══ COLLECTED MATERIAL
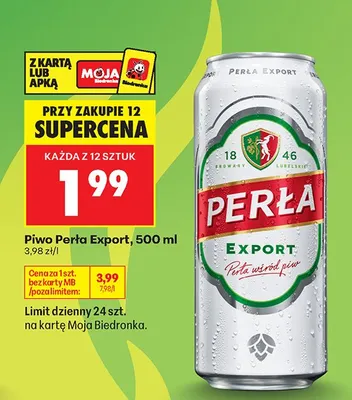 Piwo Perła Export promocja w Biedronka
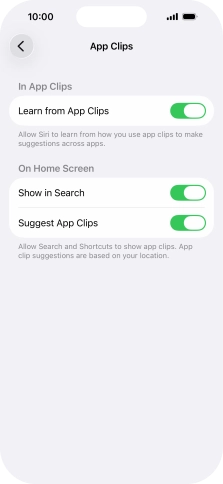 Press the indicators next to the required settings to turn them on or off.
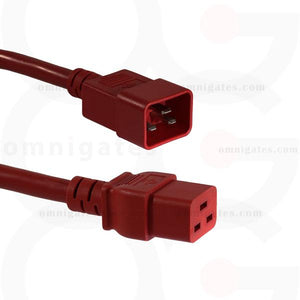 Extension Power Cord, 12AWG, SJT, 20A 250V, C19/C20 Connector Cable, red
════
REQUIREMENT
The task calls for every line of the data to be returned exactly, without pictures.

SOLUTION TO THE PROBLEM
 Piwo Perła Export promocja w Biedronka
 Press the indicators next to the required settings to turn them on or off.
 Extension Power Cord, 12AWG, SJT, 20A 250V, C19/C20 Connector Cable, red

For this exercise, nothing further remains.